In recent years, evaluation of coastal vulnerability with an emphasis on geomorphological and physical factors has focused on the use of the coastal vulnerability index (CVI). This index was designed to estimate areas of risk caused by environmental and socioeconomic hazards and is widely used to implement decision-making within the framework of risk reduction. The CVI approach was initially developed by Gornitz [15,16] to study the vulnerability of the east coast of the United States of America due to sea level rise. The index allows to relate six physical variables in a quantifiable way and produces numerical data that cannot be directly equated with particular physical effects, but it does highlight the regions where the various effects of sea level rise may be greater [17]. Subsequently, the CVI was used to assess vulnerability along the Atlantic coast by the United States Geological Survey (USGS) in the study of Thieler and Hammar-Klose [18]. In the analysis of coastline change, some studies focused on analyzing the geomorphological and physical factors of the CVI but also included socioeconomic variables to develop resilience to the threats of climate change [19,20,21,22,23,24]. The state of vulnerability can be determined based on a group of conditions and processes resulting from physical, environmental, and socioeconomic factors that increase the susceptibility of people living in coastal areas to natural hazards, including their ability to adapt and respond to disasters [25,26].

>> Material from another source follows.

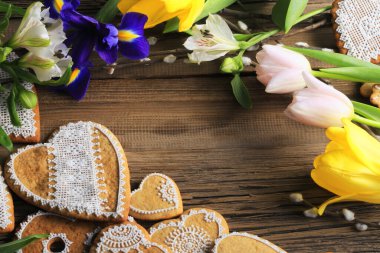  Sarı kurdeleli kalp şeklinde makro zencefilli kurabiye, ahşap arka planda çiçekler.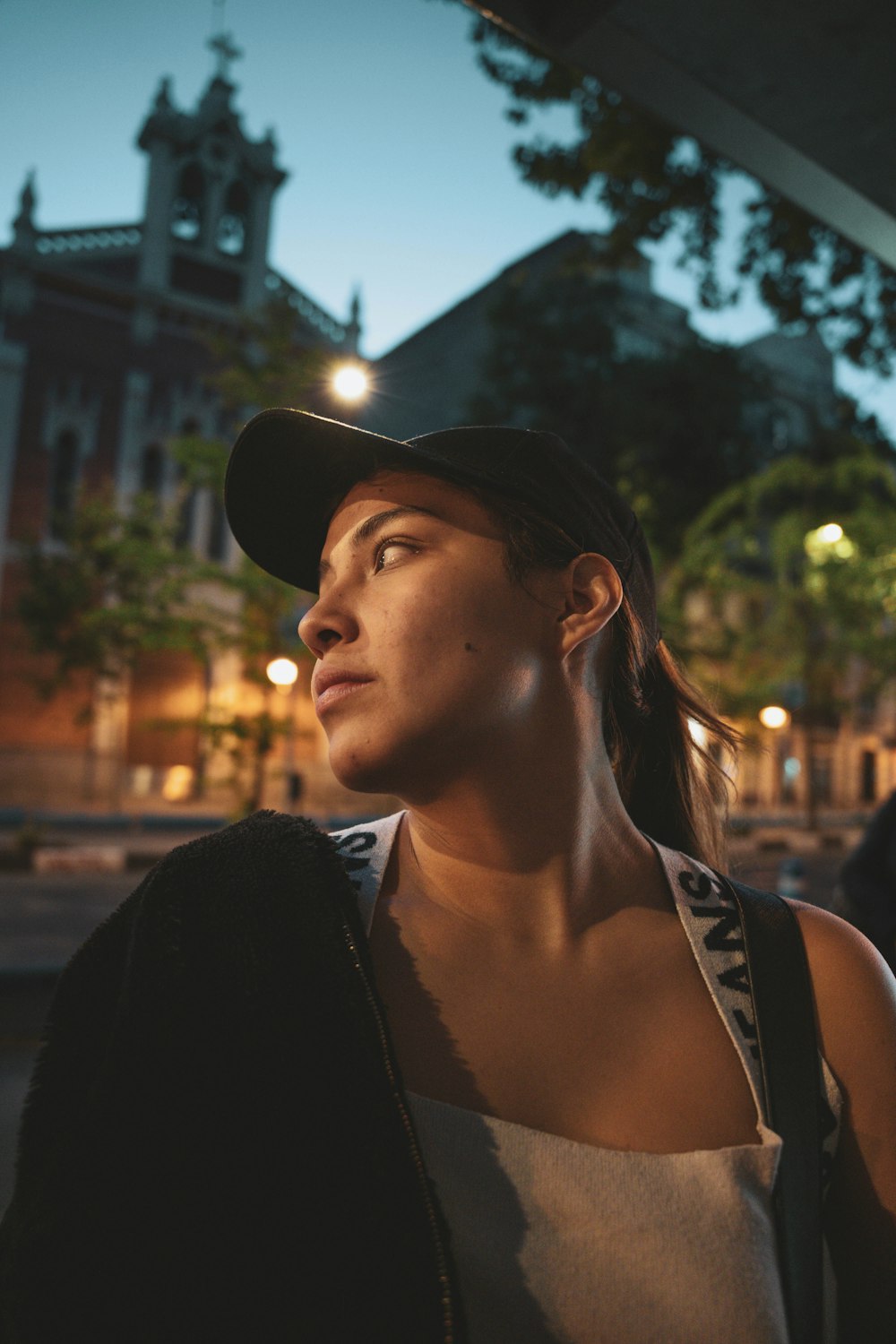 a woman wearing a black hat and a black jacket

Based on the CVI, other indices have been developed that focus more extensively on the conceptual structure of the vulnerability index using a process of analytical hierarchy, and this index is called the composite vulnerability index (COVI). Recently, several researchers have used this method to evaluate coastal vulnerability by incorporating different factors that indicate different dimensions (physical, ecological, social, and economic), including parameters such as biophysical exposure, sensitivity, and adaptive capacity or resilience to evaluate multiple hazards. For example, Zhang et al. [27] evaluated the coastal vulnerability to climate change of Bohai in China considering fifteen factors related to ecological, physical, and socioeconomic conditions in a COVI. Ghosh and Mistri [28] evaluated coastal vulnerability as a function of multiple factors with the composite vulnerability index in the lower delta of the Sundarban, India considering 22 indicators, mainly physical, climatic, and socioeconomic variables. Sahana and Sajjad [29] evaluated floods focusing on storm surge with a vulnerability index composed of remote sensing information in the Sundarban Biosphere Reserve, India considering seventeen factors. Finally, Furlan et al. [30] developed a multidimensional CVI to evaluate vulnerability to flood scenarios along the Italian coast considering multiple indicators. Although there are studies that evaluate the general vulnerability of the coasts of Buenaventura [13,21,22,31,32], these have focused mainly on geomorphological and physical dimensions. Numerous studies have been conducted around the world to examine different aspects of coastal vulnerability with a geospatial approach using the CVI and COVI (

Table 1. Studies conducted worldwide with a geospatial approach that uses coastal vulnerability indices.

Index	Tools *	Year	Country	Author
Coastal Vulnerability Index (CVI)	GIS, RS, DSAS	2021	India	Bera and Maiti, 2021 [19]
	GIS, RS, DSAS	2021	India	Pramanik et al., 2021 [23]
	GIS, RS, DSAS	2021	Egypt	Abdelaty, 2021 [33]
	GIS, RS, DSAS	2021	Greece	Boumboulis et al., 2021 [34]
	GIS, RS, DSAS	2020	Italy	Sekovskia et al., 2020 [35]
	GIS	2019	Brazil	Serafim et al., 2019 [24]
	GIS	2019	Spain	Koroglua et al.,2019 [36]
	GIS	2019	Malaysia	Mohda et al.,2019 [37]
	GIS, RS, DSAS	2019	Bangladesh	Hoquea et al., 2019 [38]
	GIS	2019	Colombia	Coca and Ricaute, 2019 [21]
	GIS, RS, DSAS	2019	Colombia	Gallego and Selvaraj, 2019 [22]
Composite Vulnerability Index (COVI)	GIS, RS, DSAS	2021	Tunisia	Hzami et al., 2021 [39]
	GIS	2021	China	Zhang et al., 2021 [27]
	GIS	2021	India	Ghosh and Mistri 2021 [28]
	GIS	2021	Italy	Furlan et al., 2021 [30]
	GIS	2020	India	Rehman et al., 2020 [40]
	GIS	2020	India	Sahana and Sajjad,2019 [29]
	GIS, RS, DSAS	2019	Bangladesh	Mullick et al., 2019 [41]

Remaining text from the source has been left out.